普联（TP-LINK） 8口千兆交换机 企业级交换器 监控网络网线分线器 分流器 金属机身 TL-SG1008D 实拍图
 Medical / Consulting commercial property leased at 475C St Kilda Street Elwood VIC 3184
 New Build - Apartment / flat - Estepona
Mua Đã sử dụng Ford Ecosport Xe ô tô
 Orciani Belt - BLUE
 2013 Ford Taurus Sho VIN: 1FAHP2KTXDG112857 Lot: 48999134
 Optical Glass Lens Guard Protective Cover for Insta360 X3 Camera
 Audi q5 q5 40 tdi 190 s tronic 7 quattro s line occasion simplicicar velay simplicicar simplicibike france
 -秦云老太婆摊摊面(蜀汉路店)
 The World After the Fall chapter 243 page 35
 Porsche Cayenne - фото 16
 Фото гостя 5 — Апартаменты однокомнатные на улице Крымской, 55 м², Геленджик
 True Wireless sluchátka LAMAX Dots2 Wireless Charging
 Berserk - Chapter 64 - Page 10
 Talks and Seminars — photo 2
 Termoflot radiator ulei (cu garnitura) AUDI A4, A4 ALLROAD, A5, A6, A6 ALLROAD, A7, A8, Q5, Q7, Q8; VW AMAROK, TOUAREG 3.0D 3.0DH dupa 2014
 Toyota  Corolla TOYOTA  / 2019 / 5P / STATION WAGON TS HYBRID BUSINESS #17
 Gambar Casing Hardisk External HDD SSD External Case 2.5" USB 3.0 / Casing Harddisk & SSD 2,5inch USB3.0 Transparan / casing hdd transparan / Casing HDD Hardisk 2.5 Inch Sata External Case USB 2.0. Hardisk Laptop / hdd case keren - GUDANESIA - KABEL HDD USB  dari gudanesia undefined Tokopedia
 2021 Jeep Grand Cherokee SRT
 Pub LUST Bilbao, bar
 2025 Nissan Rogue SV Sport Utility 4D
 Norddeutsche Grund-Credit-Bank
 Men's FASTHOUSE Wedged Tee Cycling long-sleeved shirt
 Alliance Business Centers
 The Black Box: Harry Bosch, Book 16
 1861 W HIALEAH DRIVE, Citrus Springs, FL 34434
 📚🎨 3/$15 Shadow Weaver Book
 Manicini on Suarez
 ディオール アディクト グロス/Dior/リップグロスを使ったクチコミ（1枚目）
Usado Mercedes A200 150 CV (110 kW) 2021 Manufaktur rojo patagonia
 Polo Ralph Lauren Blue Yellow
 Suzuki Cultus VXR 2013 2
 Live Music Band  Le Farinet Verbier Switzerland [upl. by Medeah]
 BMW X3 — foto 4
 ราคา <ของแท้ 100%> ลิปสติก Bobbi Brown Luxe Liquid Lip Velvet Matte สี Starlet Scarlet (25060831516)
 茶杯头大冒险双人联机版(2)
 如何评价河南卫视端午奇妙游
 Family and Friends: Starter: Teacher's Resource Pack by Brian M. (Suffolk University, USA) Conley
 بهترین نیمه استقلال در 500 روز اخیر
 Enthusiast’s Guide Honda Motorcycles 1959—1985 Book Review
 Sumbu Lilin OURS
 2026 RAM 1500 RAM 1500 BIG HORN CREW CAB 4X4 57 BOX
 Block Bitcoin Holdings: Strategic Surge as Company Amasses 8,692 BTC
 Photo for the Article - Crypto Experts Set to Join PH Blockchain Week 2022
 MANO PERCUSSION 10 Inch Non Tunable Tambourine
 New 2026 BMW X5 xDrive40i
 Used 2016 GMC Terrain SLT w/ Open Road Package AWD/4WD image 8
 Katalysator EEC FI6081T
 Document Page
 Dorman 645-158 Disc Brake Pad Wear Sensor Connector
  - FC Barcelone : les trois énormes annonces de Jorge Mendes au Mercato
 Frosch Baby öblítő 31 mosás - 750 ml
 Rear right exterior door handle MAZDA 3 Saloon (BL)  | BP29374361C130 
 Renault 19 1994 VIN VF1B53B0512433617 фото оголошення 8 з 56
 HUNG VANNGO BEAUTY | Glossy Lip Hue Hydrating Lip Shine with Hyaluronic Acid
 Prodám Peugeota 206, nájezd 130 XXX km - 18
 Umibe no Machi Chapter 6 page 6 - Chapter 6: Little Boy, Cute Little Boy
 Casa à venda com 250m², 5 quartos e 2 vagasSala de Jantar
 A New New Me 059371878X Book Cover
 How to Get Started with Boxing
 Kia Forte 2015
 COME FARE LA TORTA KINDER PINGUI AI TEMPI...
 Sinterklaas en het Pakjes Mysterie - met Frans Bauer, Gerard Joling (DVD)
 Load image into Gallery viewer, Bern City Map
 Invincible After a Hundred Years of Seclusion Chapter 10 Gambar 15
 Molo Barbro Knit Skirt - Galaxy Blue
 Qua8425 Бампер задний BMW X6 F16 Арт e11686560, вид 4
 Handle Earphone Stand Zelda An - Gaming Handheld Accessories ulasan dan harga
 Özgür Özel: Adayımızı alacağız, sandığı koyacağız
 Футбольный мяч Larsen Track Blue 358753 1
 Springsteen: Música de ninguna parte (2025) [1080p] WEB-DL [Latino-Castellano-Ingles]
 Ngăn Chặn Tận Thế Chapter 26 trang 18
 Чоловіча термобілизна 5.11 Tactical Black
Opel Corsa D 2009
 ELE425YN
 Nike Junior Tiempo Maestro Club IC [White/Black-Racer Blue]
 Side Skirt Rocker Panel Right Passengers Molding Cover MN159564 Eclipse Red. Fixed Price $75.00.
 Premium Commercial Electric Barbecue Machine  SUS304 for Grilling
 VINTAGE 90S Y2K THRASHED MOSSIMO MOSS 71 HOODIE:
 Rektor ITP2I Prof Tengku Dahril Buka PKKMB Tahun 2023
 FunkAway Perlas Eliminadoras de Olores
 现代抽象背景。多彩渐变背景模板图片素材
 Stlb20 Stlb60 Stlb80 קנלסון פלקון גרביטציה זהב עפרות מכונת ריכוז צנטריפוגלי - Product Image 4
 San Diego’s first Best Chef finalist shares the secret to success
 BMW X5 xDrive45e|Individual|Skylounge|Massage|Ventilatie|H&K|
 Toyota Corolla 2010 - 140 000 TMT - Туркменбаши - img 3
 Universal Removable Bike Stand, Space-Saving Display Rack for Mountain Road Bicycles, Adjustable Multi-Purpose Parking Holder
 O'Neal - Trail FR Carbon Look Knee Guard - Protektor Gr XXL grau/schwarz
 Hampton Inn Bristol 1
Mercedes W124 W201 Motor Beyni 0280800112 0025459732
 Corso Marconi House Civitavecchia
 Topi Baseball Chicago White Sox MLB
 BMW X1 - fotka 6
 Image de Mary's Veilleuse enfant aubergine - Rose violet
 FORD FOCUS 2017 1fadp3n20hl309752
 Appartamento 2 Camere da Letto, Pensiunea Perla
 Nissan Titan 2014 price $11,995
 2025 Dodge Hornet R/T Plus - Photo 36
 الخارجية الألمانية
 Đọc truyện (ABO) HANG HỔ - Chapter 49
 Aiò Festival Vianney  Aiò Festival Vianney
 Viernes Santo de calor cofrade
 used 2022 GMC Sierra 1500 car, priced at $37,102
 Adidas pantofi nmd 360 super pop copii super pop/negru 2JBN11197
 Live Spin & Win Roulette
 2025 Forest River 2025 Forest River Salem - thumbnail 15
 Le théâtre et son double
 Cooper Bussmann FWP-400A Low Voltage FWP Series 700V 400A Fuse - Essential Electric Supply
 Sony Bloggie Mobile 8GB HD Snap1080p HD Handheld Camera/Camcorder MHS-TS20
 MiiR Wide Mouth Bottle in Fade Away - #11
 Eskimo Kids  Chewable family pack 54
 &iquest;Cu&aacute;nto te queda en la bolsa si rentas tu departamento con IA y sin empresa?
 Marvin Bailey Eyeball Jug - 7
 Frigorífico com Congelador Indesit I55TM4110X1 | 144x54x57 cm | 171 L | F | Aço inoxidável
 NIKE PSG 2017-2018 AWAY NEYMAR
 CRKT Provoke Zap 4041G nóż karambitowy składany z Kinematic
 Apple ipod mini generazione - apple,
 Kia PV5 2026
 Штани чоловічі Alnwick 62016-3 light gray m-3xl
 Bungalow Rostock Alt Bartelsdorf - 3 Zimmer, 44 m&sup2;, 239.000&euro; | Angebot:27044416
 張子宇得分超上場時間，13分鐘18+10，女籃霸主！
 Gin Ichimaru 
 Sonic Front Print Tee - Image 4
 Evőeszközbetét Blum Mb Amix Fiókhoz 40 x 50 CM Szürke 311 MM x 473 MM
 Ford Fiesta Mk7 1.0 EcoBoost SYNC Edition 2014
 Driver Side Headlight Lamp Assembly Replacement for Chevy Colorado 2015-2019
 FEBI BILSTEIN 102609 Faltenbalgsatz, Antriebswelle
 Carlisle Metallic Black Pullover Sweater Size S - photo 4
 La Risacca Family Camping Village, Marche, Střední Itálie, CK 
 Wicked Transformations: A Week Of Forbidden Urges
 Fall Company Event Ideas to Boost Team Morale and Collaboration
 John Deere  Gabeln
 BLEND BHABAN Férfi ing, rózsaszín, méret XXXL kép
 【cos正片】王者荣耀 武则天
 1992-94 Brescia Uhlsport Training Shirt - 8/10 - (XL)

--

What you have to do - In the entries above, one line contains "Manicini on Suarez" and another contains "Document Page". Reproduce exactly those two lines and the lines between them, nothing else.

Reply to the task -
 Manicini on Suarez
 ディオール アディクト グロス/Dior/リップグロスを使ったクチコミ（1枚目）
Usado Mercedes A200 150 CV (110 kW) 2021 Manufaktur rojo patagonia
 Polo Ralph Lauren Blue Yellow
 Suzuki Cultus VXR 2013 2
 Live Music Band  Le Farinet Verbier Switzerland [upl. by Medeah]
 BMW X3 — foto 4
 ราคา <ของแท้ 100%> ลิปสติก Bobbi Brown Luxe Liquid Lip Velvet Matte สี Starlet Scarlet (25060831516)
 茶杯头大冒险双人联机版(2)
 如何评价河南卫视端午奇妙游
 Family and Friends: Starter: Teacher's Resource Pack by Brian M. (Suffolk University, USA) Conley
 بهترین نیمه استقلال در 500 روز اخیر
 Enthusiast’s Guide Honda Motorcycles 1959—1985 Book Review
 Sumbu Lilin OURS
 2026 RAM 1500 RAM 1500 BIG HORN CREW CAB 4X4 57 BOX
 Block Bitcoin Holdings: Strategic Surge as Company Amasses 8,692 BTC
 Photo for the Article - Crypto Experts Set to Join PH Blockchain Week 2022
 MANO PERCUSSION 10 Inch Non Tunable Tambourine
 New 2026 BMW X5 xDrive40i
 Used 2016 GMC Terrain SLT w/ Open Road Package AWD/4WD image 8
 Katalysator EEC FI6081T
 Document Page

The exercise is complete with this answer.